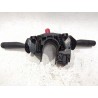 Recambio de mando multifuncion para ford fiesta iv (ja_, jb_) 1.8 d referencia OEM IAM   
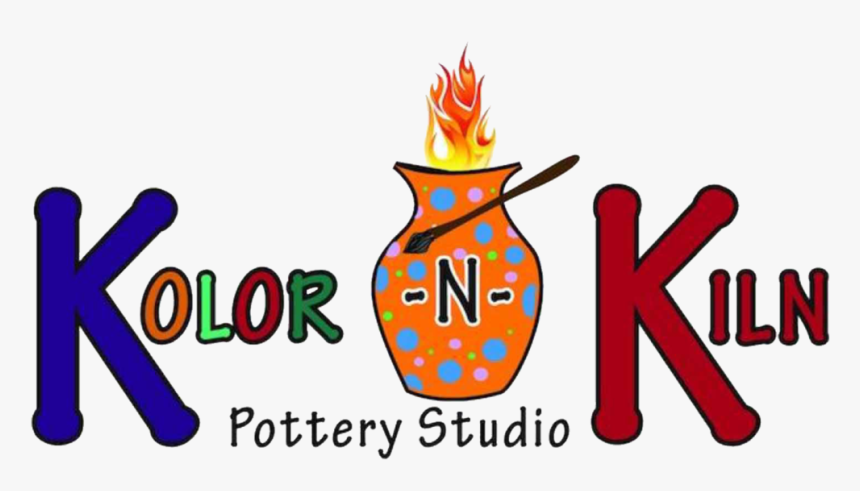 Pottery Png, Transparent Png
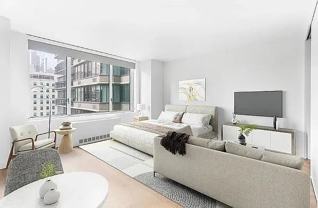 W 37th St #720 - Photo 1 of 1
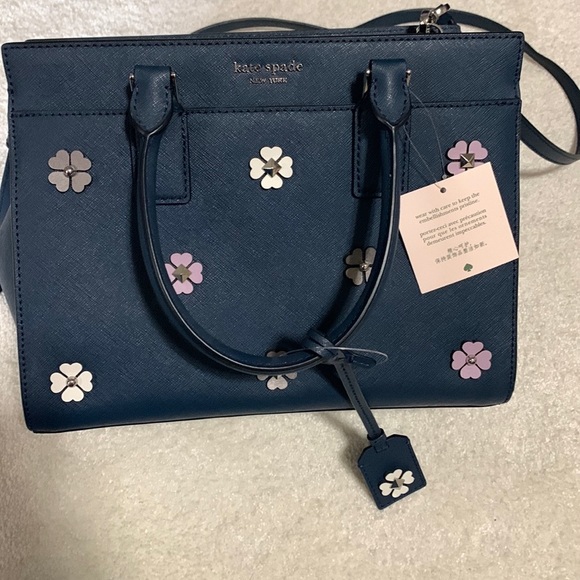 Kate Spade - Picture 1 of 3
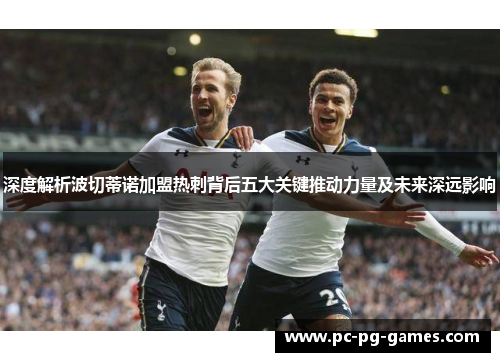 深度解析波切蒂诺加盟热刺背后五大关键推动力量及未来深远影响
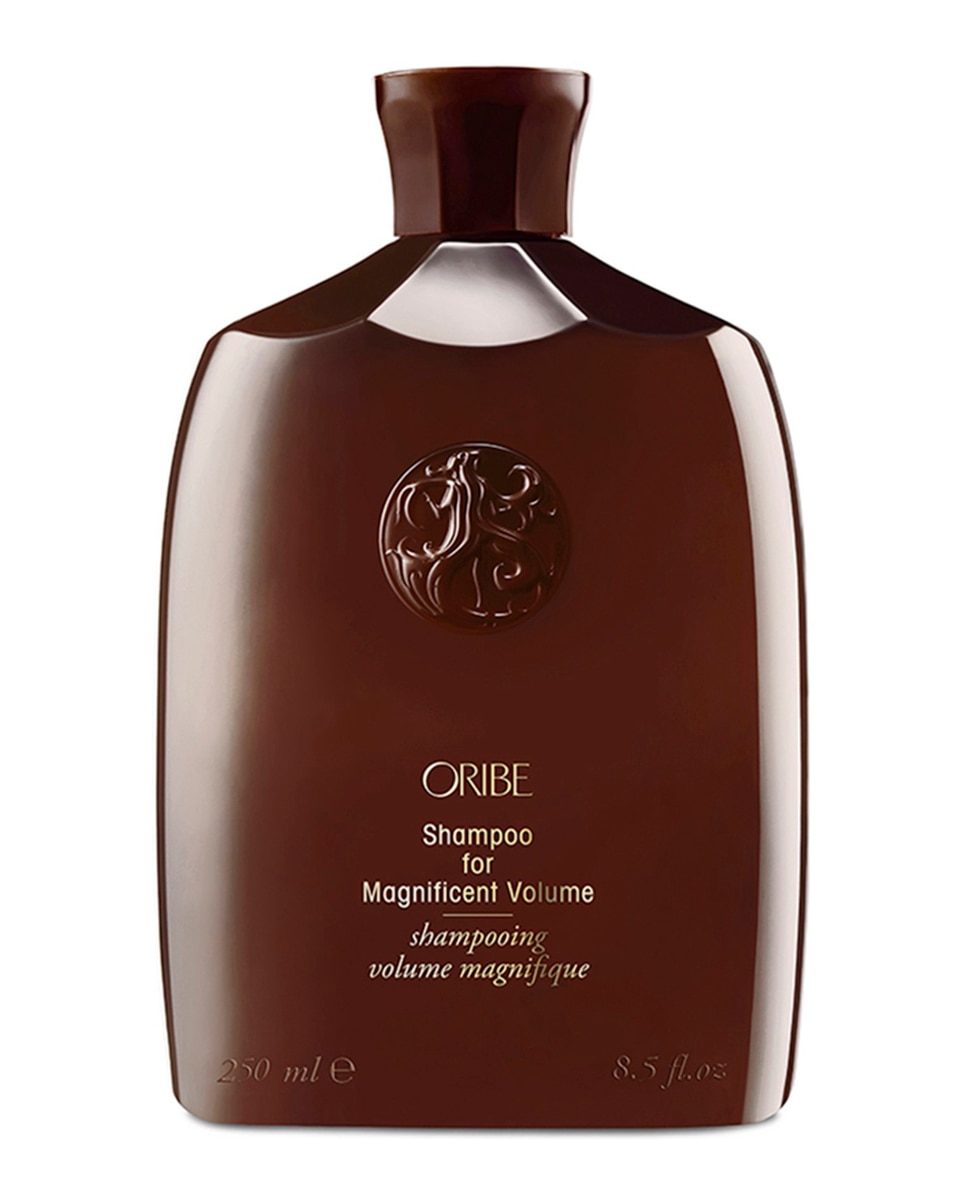 Champú Hair Care Magnificent Volume 250 ml Oribe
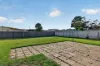 36 Gregory Street, Port Elliot, SA 5212-Image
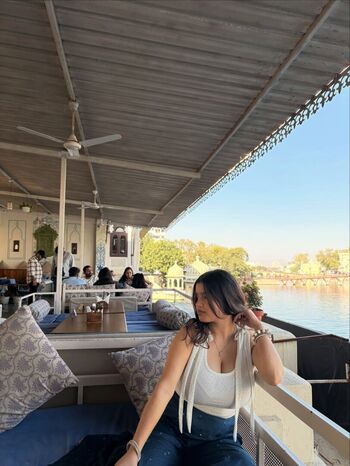 Full leaked Tanu cherry private onlyfans photo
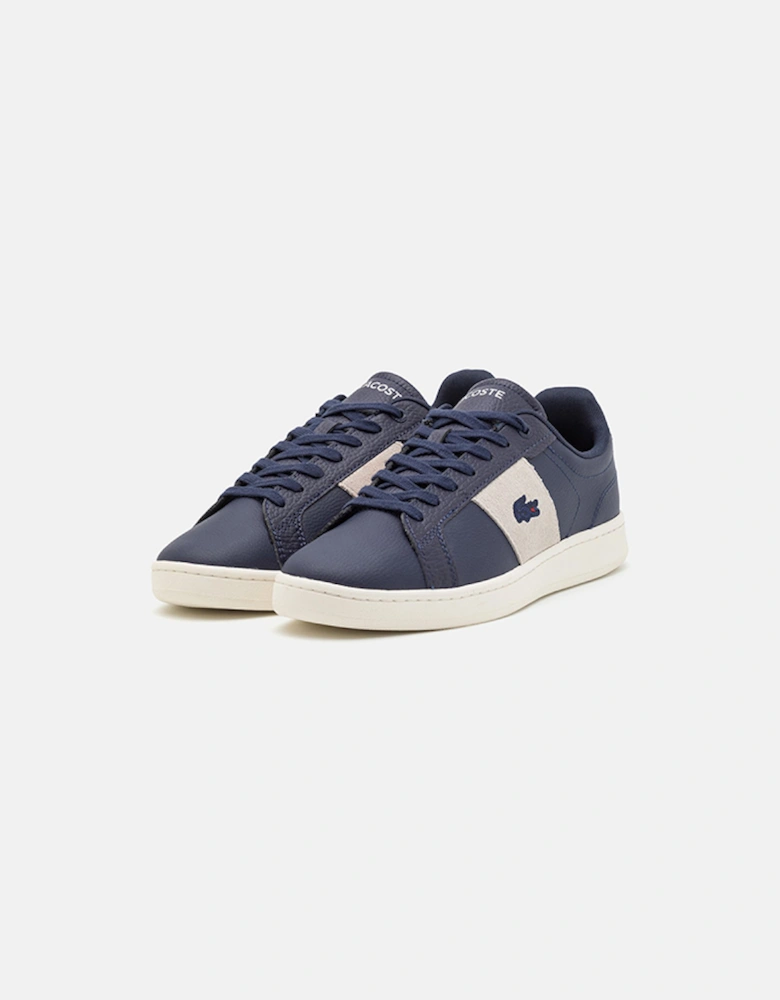 Men's Carnaby Pro Trainers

·····

[WORK TO BE COMPLETED]: Copy exactly the lines from the one containing "36 Gregory Street, Port" through the final line of the records above, both included, and leave out any pictures.

[ANSWER SPACE]:
 36 Gregory Street, Port Elliot, SA 5212-Image
 Full leaked Tanu cherry private onlyfans photo
 Men's Carnaby Pro Trainers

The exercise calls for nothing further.